[Exercise data]

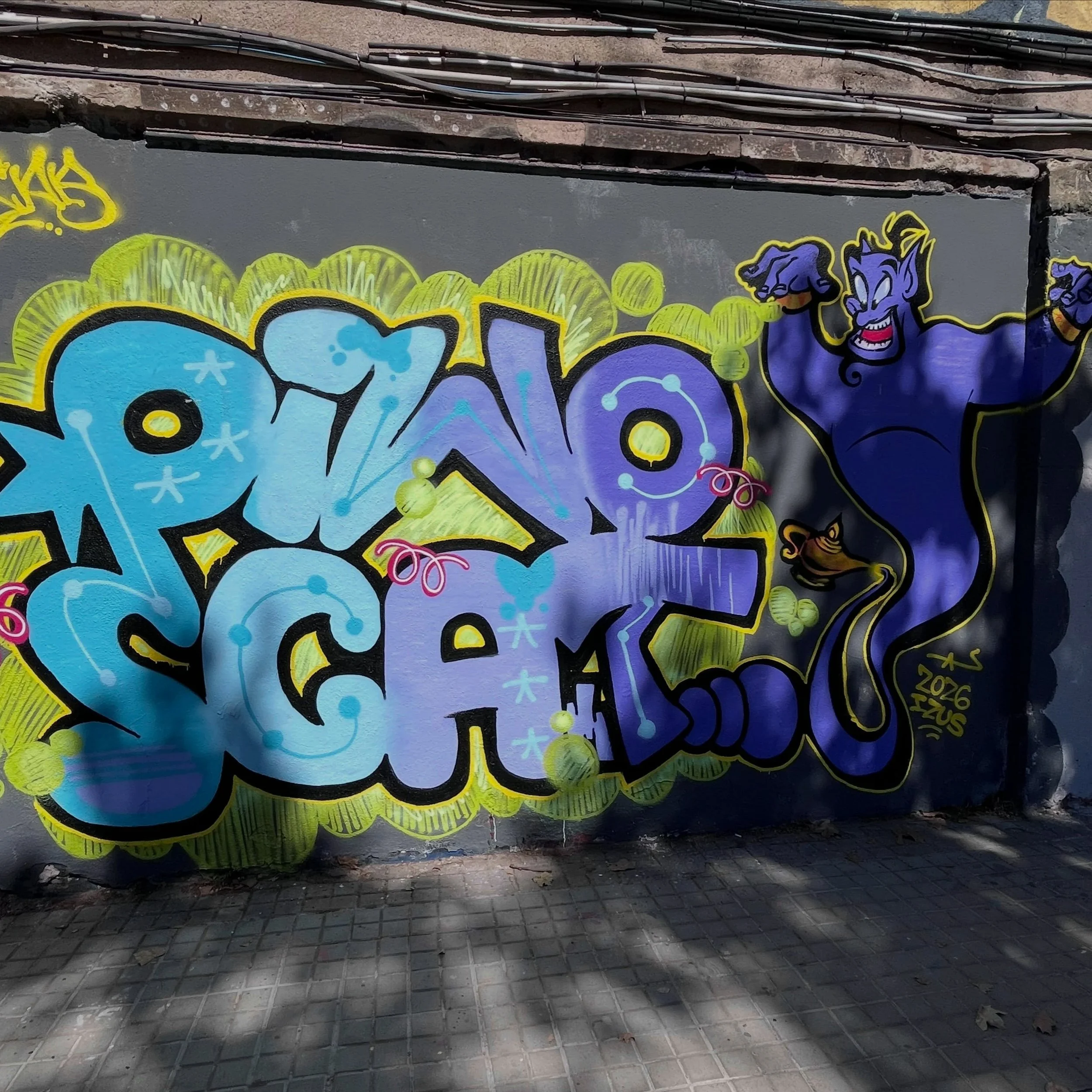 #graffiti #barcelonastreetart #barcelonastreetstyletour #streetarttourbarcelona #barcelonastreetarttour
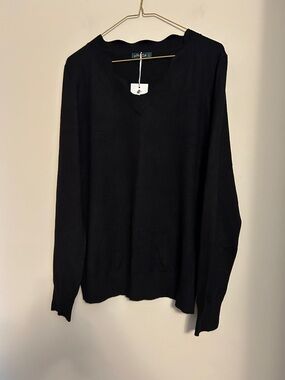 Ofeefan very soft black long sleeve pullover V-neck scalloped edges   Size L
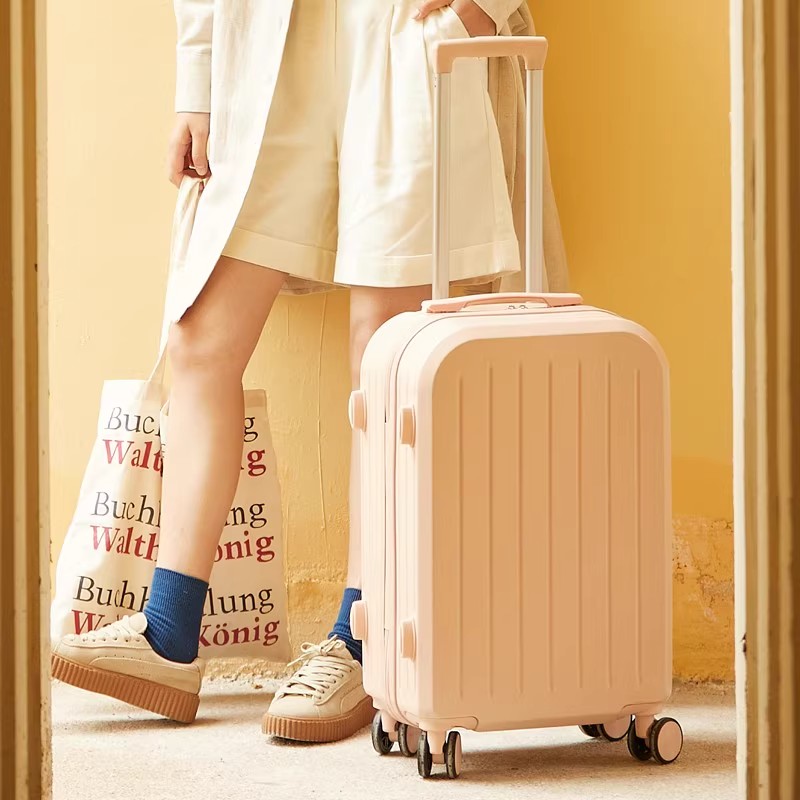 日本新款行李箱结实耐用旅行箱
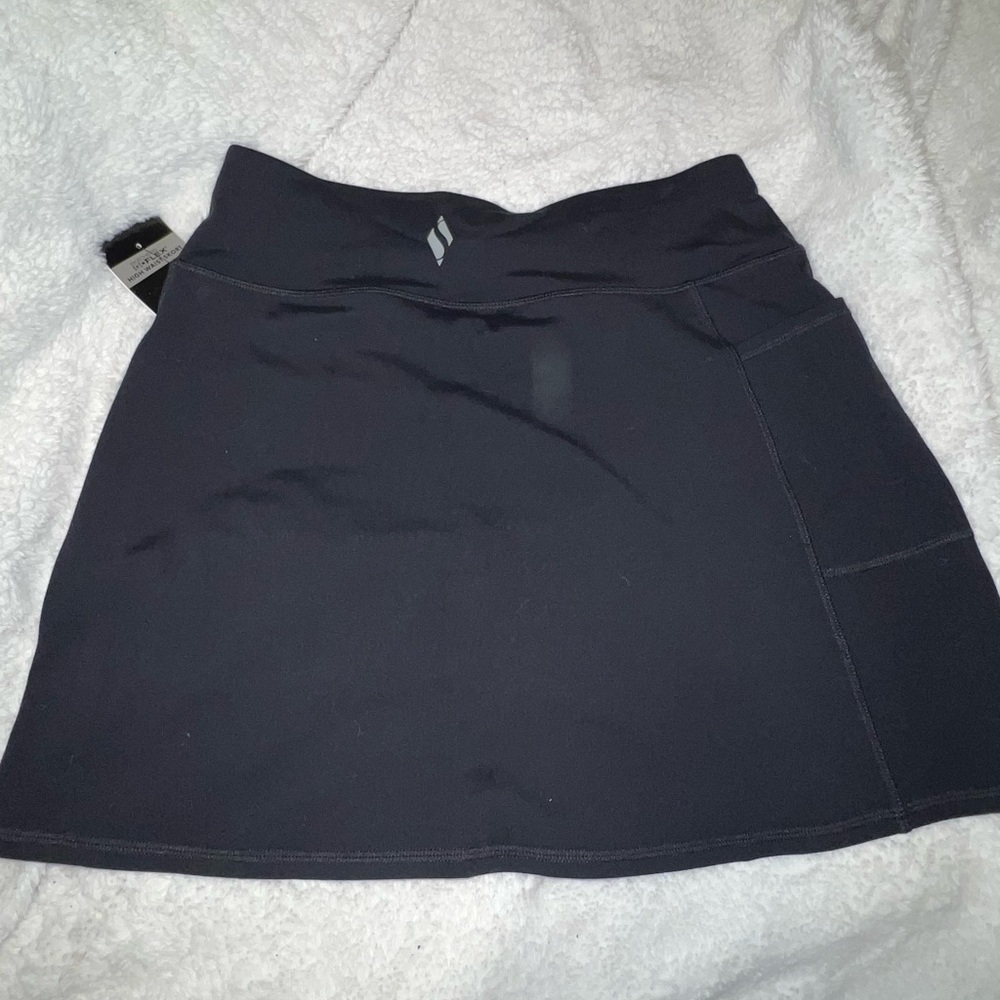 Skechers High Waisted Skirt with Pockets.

[/Exercise data]
[Exercise data]

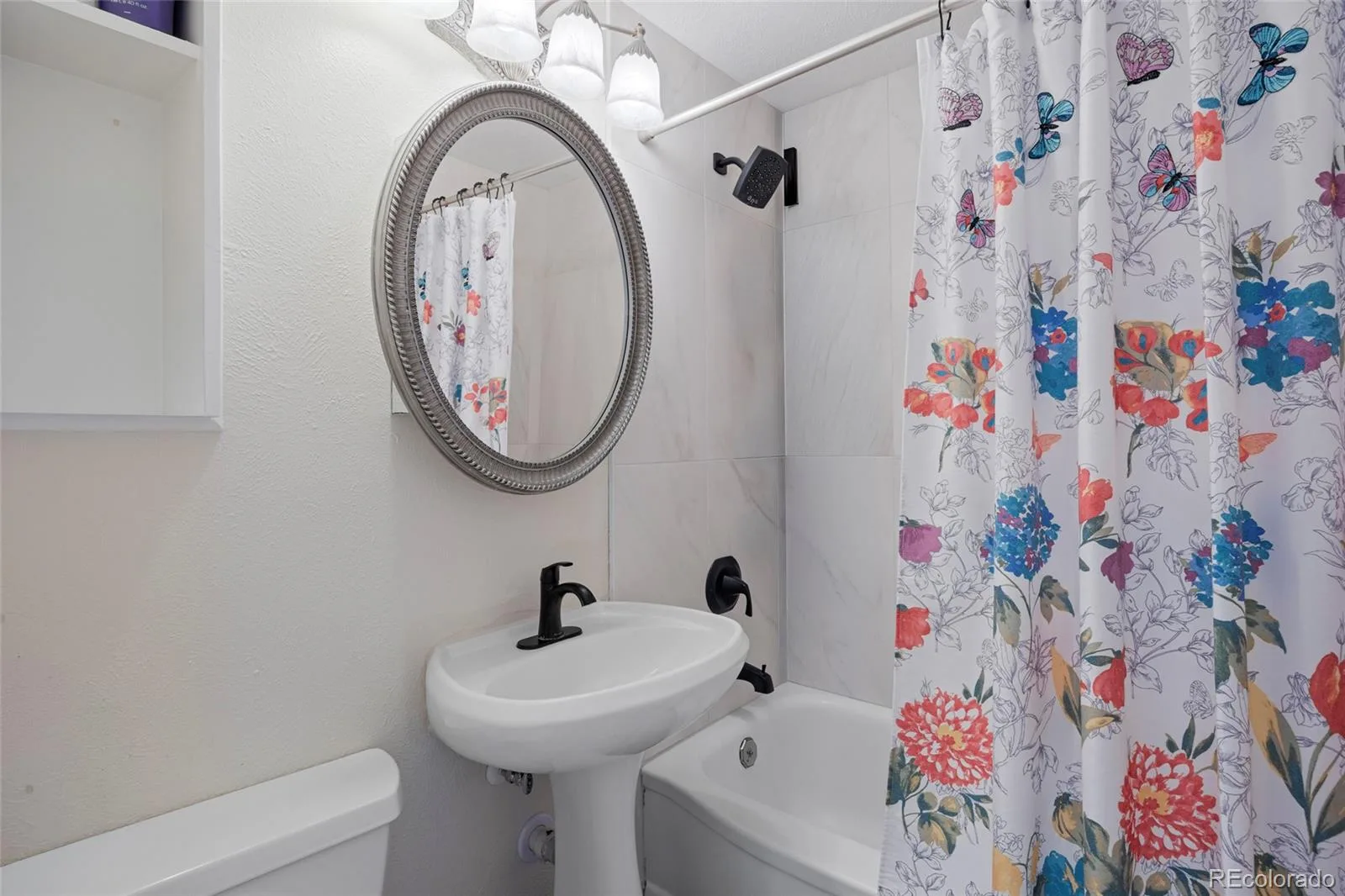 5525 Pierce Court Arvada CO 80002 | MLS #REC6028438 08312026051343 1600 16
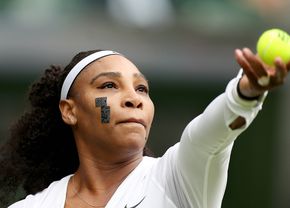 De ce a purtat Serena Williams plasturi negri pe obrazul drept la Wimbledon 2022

[/Exercise data]

Repeat exactly the lines above, from the line that contains "日本新款行李箱结实耐用旅行箱" down through the line that contains "Skechers High Waisted Skirt with Pockets.". Include both of those lines and none of the pictures.

▸ **Answer section**:
 日本新款行李箱结实耐用旅行箱
 Skechers High Waisted Skirt with Pockets.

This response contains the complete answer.